WHAT IS REQUIRED:
The required output is the exact text of the lines from the line containing "Lace V-Neck Short" through the final line below, inclusive, without pictures.

DATASET EXCERPT:
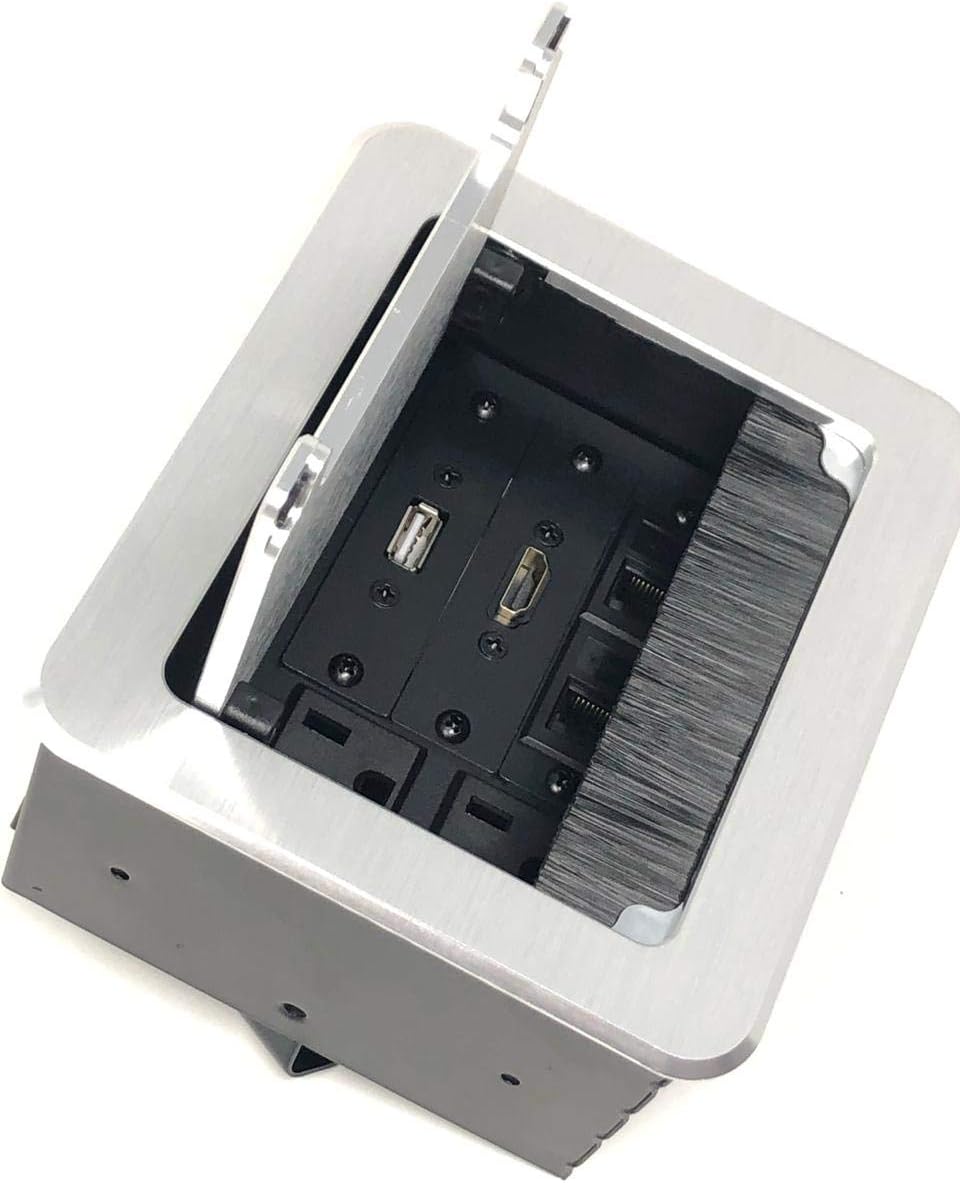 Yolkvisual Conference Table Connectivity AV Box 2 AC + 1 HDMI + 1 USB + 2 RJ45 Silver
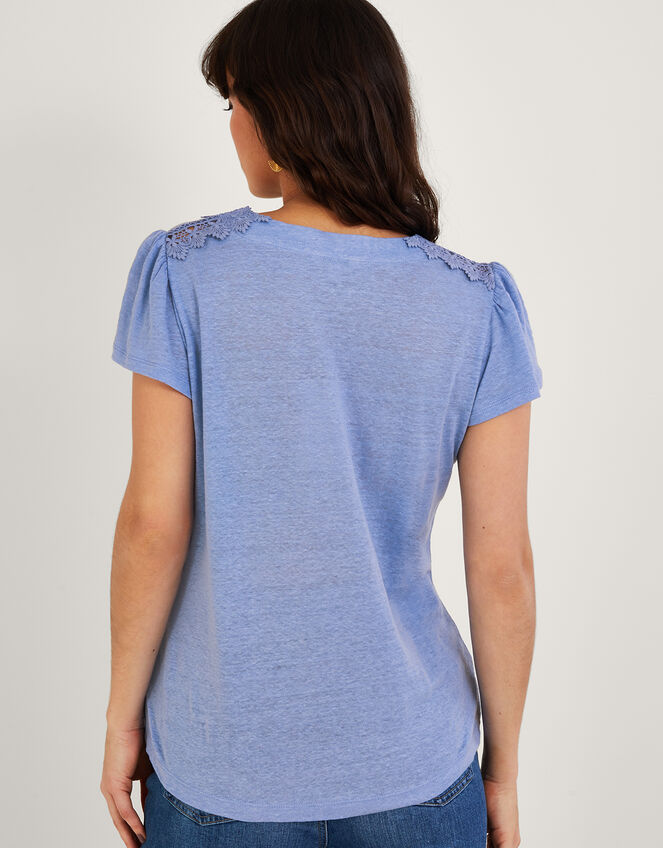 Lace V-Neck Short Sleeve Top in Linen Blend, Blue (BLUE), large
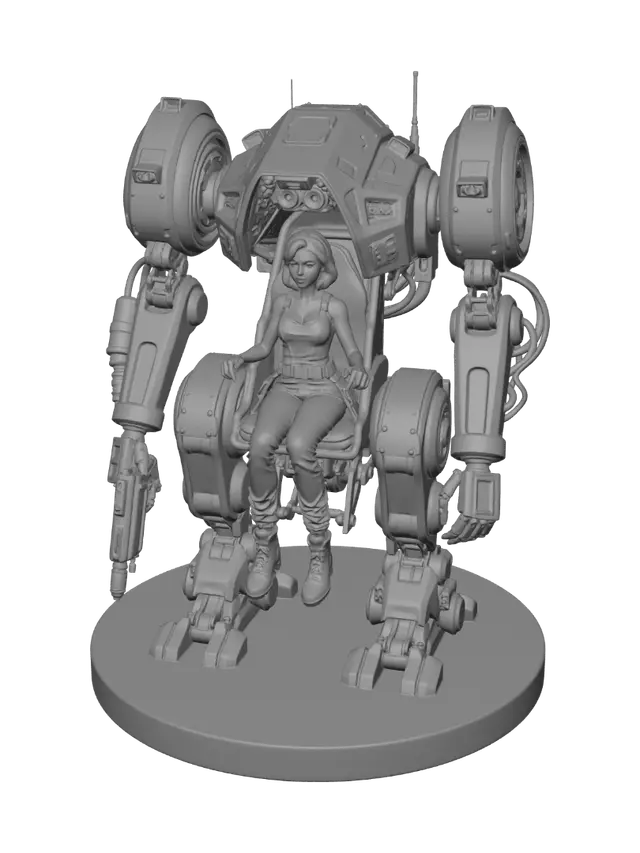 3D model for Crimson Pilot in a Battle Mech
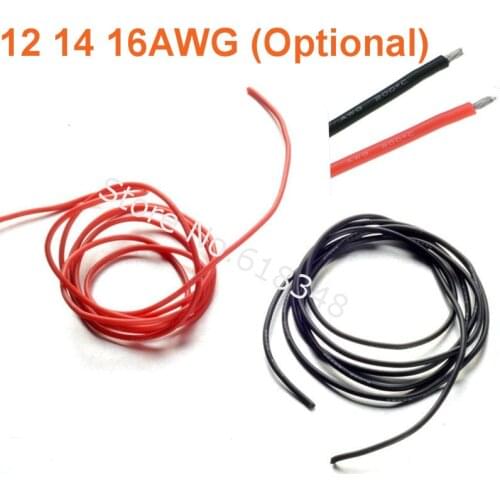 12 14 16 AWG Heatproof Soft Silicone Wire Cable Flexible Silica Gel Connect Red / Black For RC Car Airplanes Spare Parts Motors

EXERCISE OUTPUT:
 Lace V-Neck Short Sleeve Top in Linen Blend, Blue (BLUE), large
 3D model for Crimson Pilot in a Battle Mech
 12 14 16 AWG Heatproof Soft Silicone Wire Cable Flexible Silica Gel Connect Red / Black For RC Car Airplanes Spare Parts Motors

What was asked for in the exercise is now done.